LISTED RECORDS –
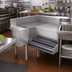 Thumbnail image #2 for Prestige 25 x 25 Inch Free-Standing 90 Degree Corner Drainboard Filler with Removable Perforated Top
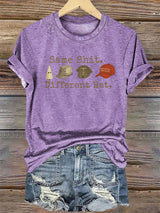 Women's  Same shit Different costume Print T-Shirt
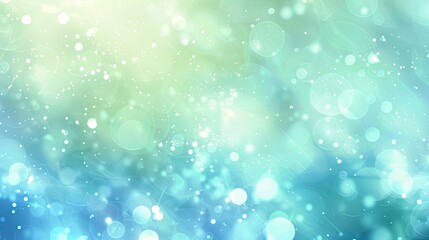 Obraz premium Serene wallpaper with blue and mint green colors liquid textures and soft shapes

==

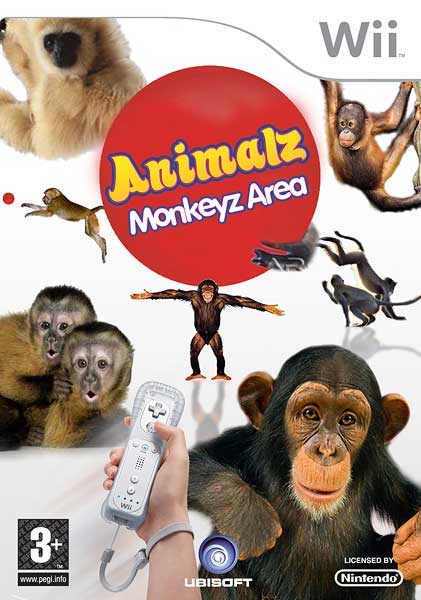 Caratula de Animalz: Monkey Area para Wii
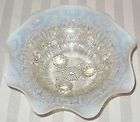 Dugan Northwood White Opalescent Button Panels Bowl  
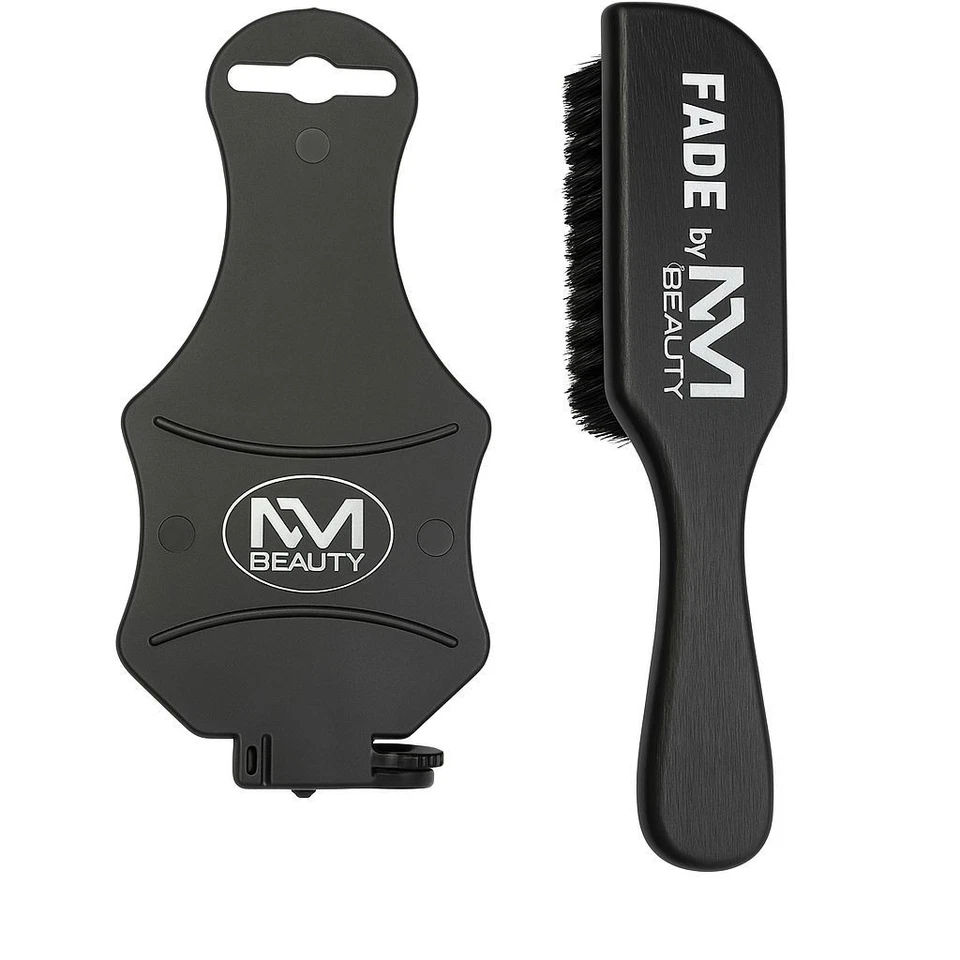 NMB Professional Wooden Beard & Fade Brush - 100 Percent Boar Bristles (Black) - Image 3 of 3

WORK INSTRUCTIONS –
When you reach the line that has "Thumbnail image #2" in the data above, start repeating lines exactly, and stop after the line that has "Obraz premium Serene"; pictures stay out.

TASK RESULT –
 Thumbnail image #2 for Prestige 25 x 25 Inch Free-Standing 90 Degree Corner Drainboard Filler with Removable Perforated Top
 Women's  Same shit Different costume Print T-Shirt
 Obraz premium Serene wallpaper with blue and mint green colors liquid textures and soft shapes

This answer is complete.